Siempre es difícil encontrar indicadores adecuados para analizar el impacto de estos procesos; pero según algunos estudios, la población nominalmente católica, en Costa Rica, disminuyó de 90 a75% en el período 1985-2002. Aunque esta última proporción puede parecer alta aún, ya en 1985 solo el 15% de quienes declaraban ser católicos asistía a misa una vez a la semana. Asimismo, en una encuesta dada a conocer en el 2006 por el Instituto de Estudios Sociales en Población (Idespo), más del 50% de los entrevistados opinó que se podía prescindir de la enseñanza religiosa en las escuelas; y alrededor de un tercio la consideró innecesaria en los colegios. Además, de acuerdo con una noticia publicada por La Nación (23/2/11), el 35% de los alumnos de primaria y el 43% de los de secundaria no asistieron a clases de religión en el 2010. Probablemente, de ser modificada la disposición que establece el carácter obligatorio de la educación religiosa, la asistencia se reduciría todavía más.
Estrategias. Con miras a los desafíos anteriores, la Iglesia ha respondido con dos estrategias básicas. Para enfrentar el conservadurismo cultural propagado por las corrientes evangélicas, una buena parte de los eclesiásticos ha adoptado una posición similar a la de sus competidores: la condena o descalificación de algunos de los nuevos avances científicos; el rechazo de los estilos de vida alternativos, de las relaciones afectivas entre personas del mismo sexo y de la educación sexual secular; y la defensa de las identidades y de los papeles sociales tradicionales de hombres y mujeres.
En contraposición, en el ámbito de las políticas económicas, un sector variable de los eclesiásticos se ha sumado a las fuerzas opuestas a los llamados procesos de apertura y privatización: desde las denuncias que hiciera el arzobispo Román Arrieta contra el gobierno de Calderón Fournier a inicios de la década de los noventa hasta la lucha en contra del Tratado de Libre Comercio (TLC) con Estados Unidos en el decenio del 2000.
Sin duda, este proceder expresa, en parte, las divisiones internas dentro de la Iglesia; pero, a la vez, le ha resultado muy útil a la institución como un todo para, de acuerdo con las circunstancias, atraerse el apoyo de los sectores culturalmente más conservadores del país en unos casos; y en otros, para acercarse a las organizaciones y grupos opuestos a las reformas económicas impulsadas en Costa Rica en los últimos veinte años.

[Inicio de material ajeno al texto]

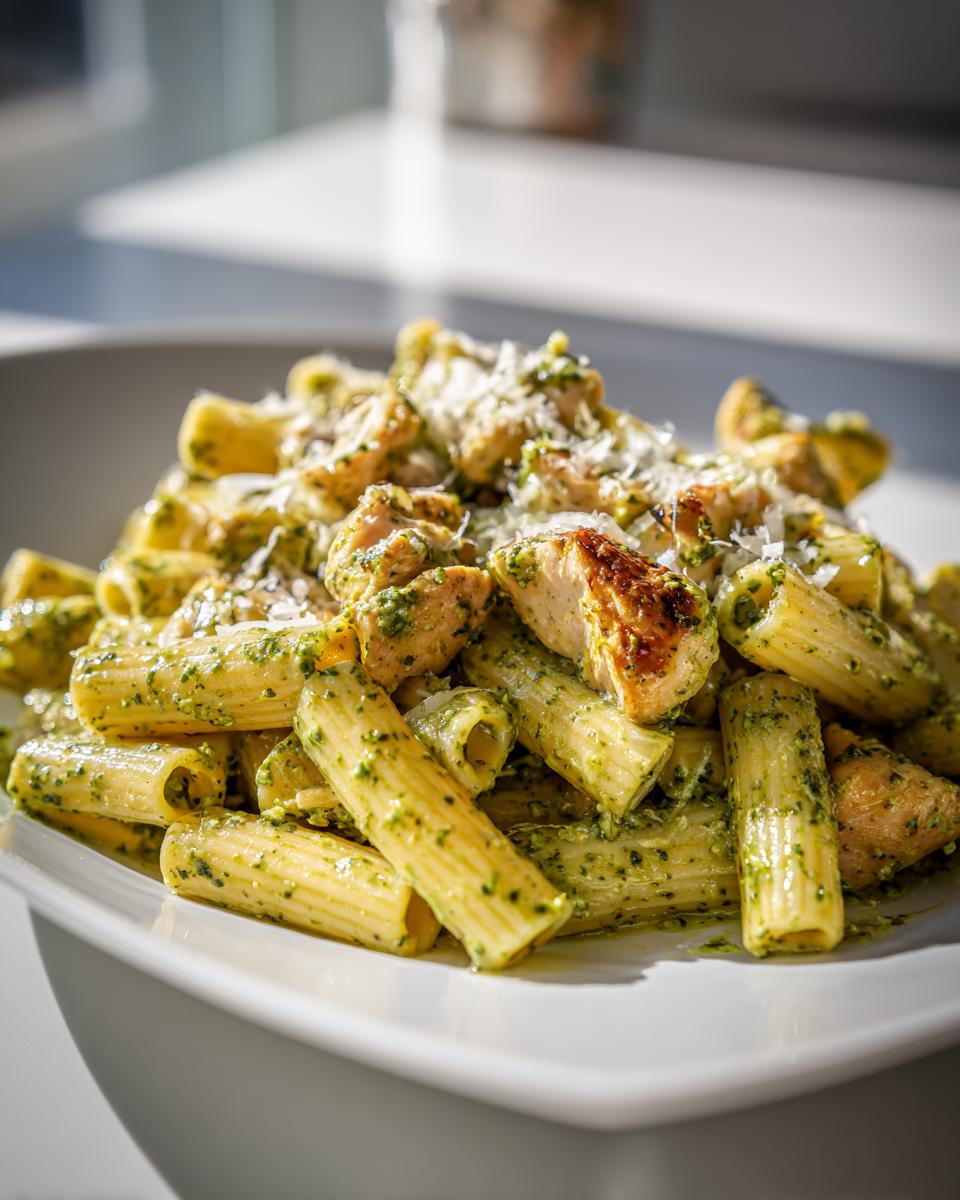 Pesto chicken pasta with rigatoni and grilled chicken chunks topped with grated cheese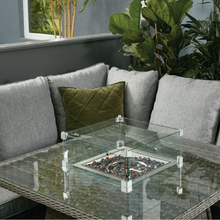 Load image into Gallery viewer, Boston Dark Grey Rattan Casual Corner Garden Dining Set with Square Table Gas Fire pit

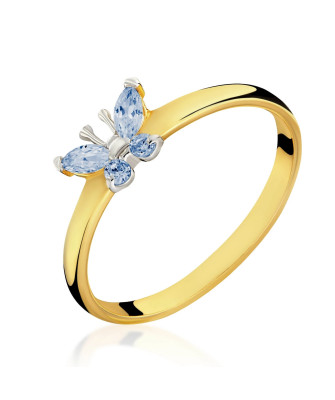 14k blue butterfly ring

Sostenibilidad. Gracias a esta doble estrategia, la Iglesia, en un país cuya política está decisivamente dominada por el cálculo electoral, ha logrado neutralizar, hasta ahora, a los grupos y fuerzas contrarios a los intereses eclesiásticos. En la base de tal neutralización está el temor de que enfrentar a la Iglesia –aun cuando fuera para promover cambios fundamentales para el desarrollo del país– podría tener un costo en las urnas extraordinariamente elevado. ¿Será realmente así o ese temor es solo una “ficción operativa”, basada en la experiencia histórica?
Efectivamente, e n el pasado, la Iglesia se enfrentó con políticos e intelectuales secularizadores –como Mauro Fernández, gestor e impulsor de la reforma educativa de 1886– con el apoyo de una sociedad civil mayoritariamente rural, campesina y católica. Hoy, en contraste, en una Costa Rica cada vez más urbanizada, educada y diversa, los principales adversarios de los eclesiásticos son distintos sectores de una sociedad civil crecientemente secularizada.
Desde esta perspectiva, la doble estrategia de la Iglesia no parece sostenible, dado que, al profundizarse la secularización de la sociedad, se acrecienta la brecha entre el conservadurismo eclesiástico y las nuevas demandas y necesidades sociales y culturales. Las tensiones resultantes quizá provoquen, a corto plazo, que la “ficción operativa” antes señalada pierda toda eficacia, a medida que partidos y políticos comiencen a preguntarse si el costo electoral verdaderamente está en enfrentar los intereses de la Iglesia, o está en no hacerlo.